By Aaron Humes: The Ministry of Human Development, Families and Indigenous People’s Affairs hosted a press briefing on Monday morning in Belize City concerning the recently submitted Free Prior and Informed Consent (FPIC) protocol to the Caribbean Court of Justice.

Per Article 6 of the 1989 Indigenous and Tribal Peoples Convention (ILO Convention 169), governments are obliged to (a) consult the peoples concerned, through appropriate procedures and in particular through their representative institutions, whenever consideration is being given to legislative or administrative measures which may affect them directly; (b) establish means by which these peoples can freely participate, to at least the same extent as other sectors of the population, at all levels of decision-making in elective institutions and administrative and other bodies responsible for policies and programmes which concern them; and (c) establish means for the full development of these peoples’ own institutions and initiatives, and in appropriate cases, provide the resources necessary for this purpose.
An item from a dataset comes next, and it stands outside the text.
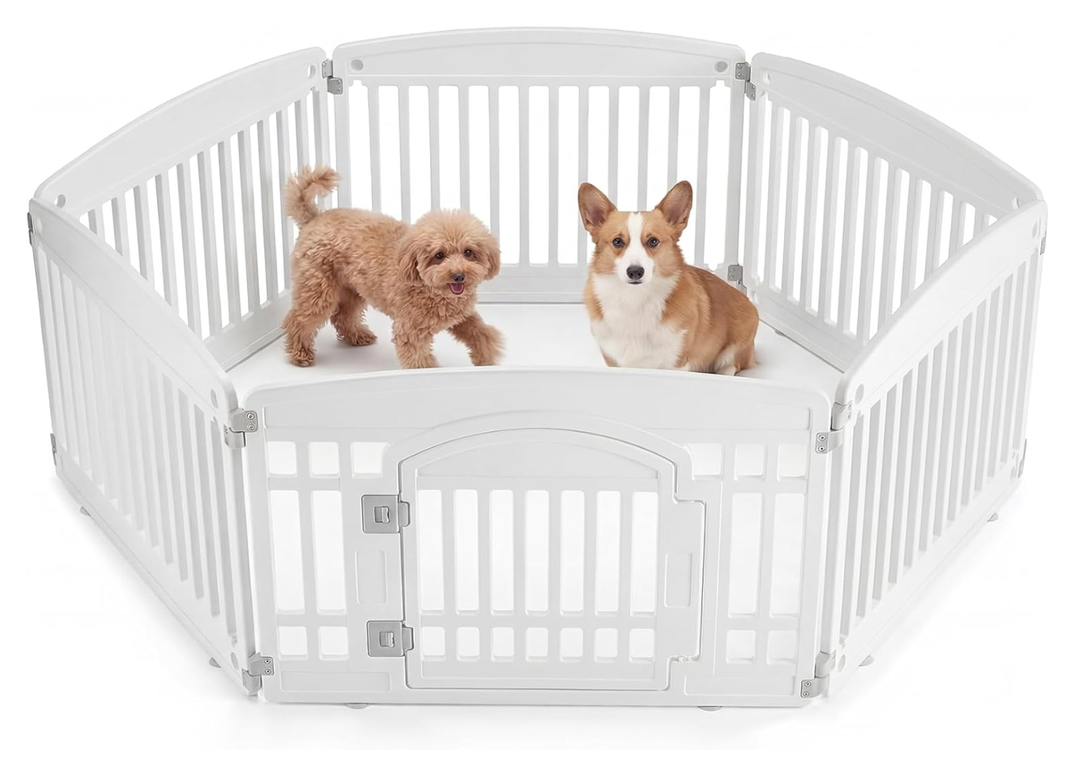 NEWBULIG Dog Playpen 6-Panel, 24IN Puppy Playpen, Stable Dog Play Pen Indoors/Outdoor with Secure Locking Door, Plastic Pet Fence for Small & Medium Dogs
Further, the consultations carried out in application of this Convention shall be undertaken, in good faith and in a form appropriate to the circumstances, with the objective of achieving agreement or consent to the proposed measures.

In pursuance of the above, the Government, represented by Minister Dolores Balderamos-Garcia and Commissioner of Indigenous People’s Affairs Greg Ch’oc, laid out pages upon pages of documents on the conference table at Charter House at the start of the briefing (and sent multiple copies of the same documents by email later on).

Those documents, said the Minister, represented hours of discussions and back-and-forth between March and November of 2021 and built on a prior version of the document in 2018. But the Government’s hand was forced at the last compliance hearing before the CCJ in November when a January date was set for completion of the protocol: “We submitted a draft of the FPIC Protocol to the CCJ by September. There were further consultations because of certain objections that were made by some of the organizations at the time. There was a hearing of the Caribbean Court of Justice on the twenty-third of November at which time the court gave us the deadline, well we don’t want to call it a deadline but they gave us until the end of January, which is today, to file the Free, Prior, Informed, Consent Protocol which we have done. So please allow me to repeat: any notion of a lack of consultation there could be nothing further from the truth.”

According to Ch’oc, after failing to hear back from the respective organizations, he went ahead to the Attorney’s General’s office for a harmonization of the various responses and versions of the FPIC, the final draft of which went to Cabinet for approval.